• Task goal
In the records that follow, find the line containing "公式facebookアカウント" and the line containing "Slime wa Saikyoutaru", then transcribe both and every line between them exactly, omitting pictures.

• Supplied material
****

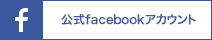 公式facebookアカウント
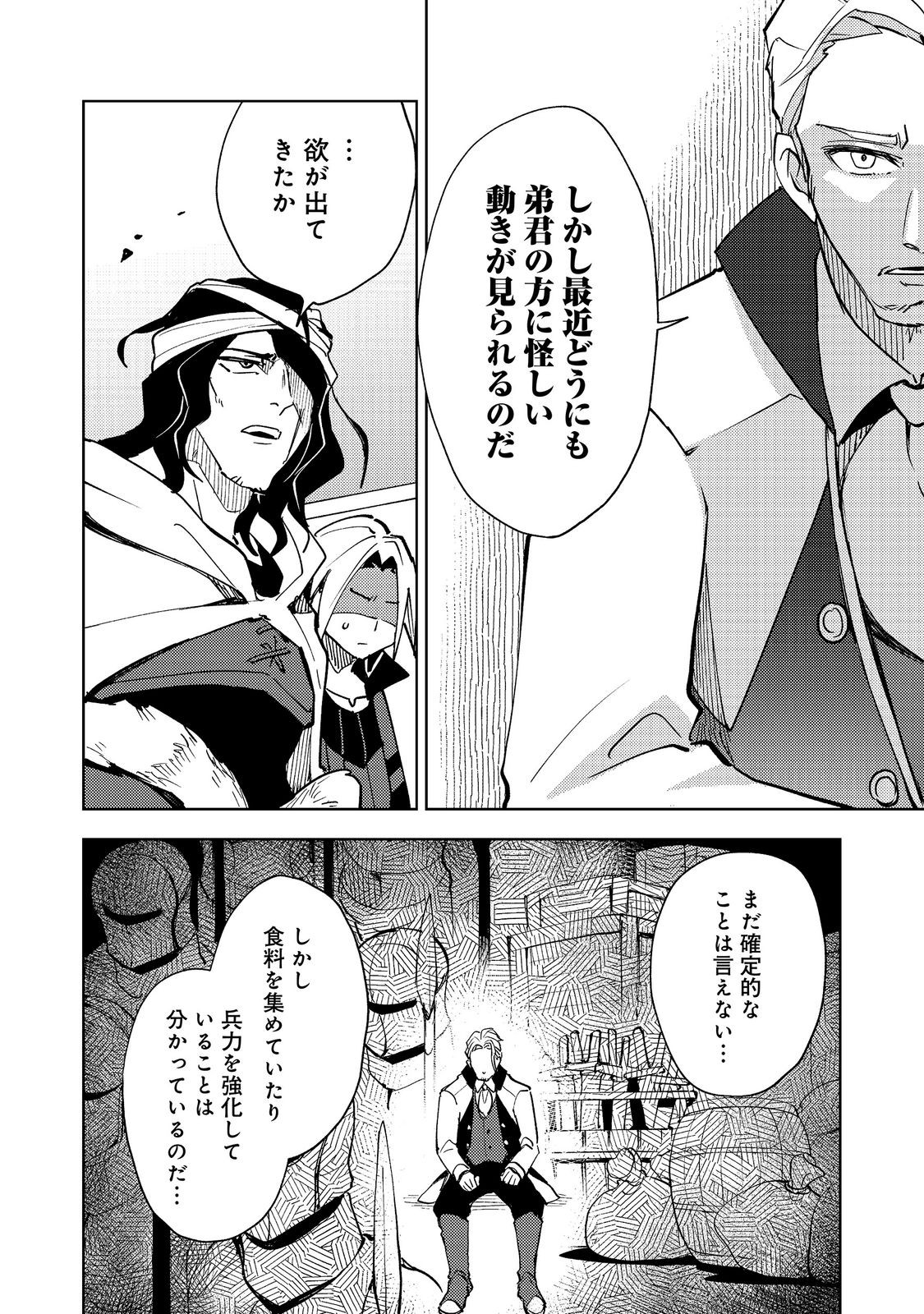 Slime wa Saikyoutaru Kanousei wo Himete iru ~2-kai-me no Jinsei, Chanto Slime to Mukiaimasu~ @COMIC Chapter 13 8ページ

****

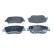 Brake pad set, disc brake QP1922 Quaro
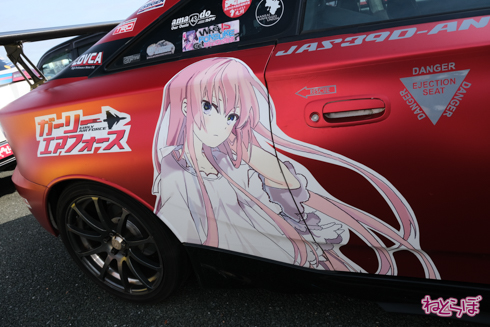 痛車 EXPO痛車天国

****

• Expected answer
 公式facebookアカウント
 Slime wa Saikyoutaru Kanousei wo Himete iru ~2-kai-me no Jinsei, Chanto Slime to Mukiaimasu~ @COMIC Chapter 13 8ページ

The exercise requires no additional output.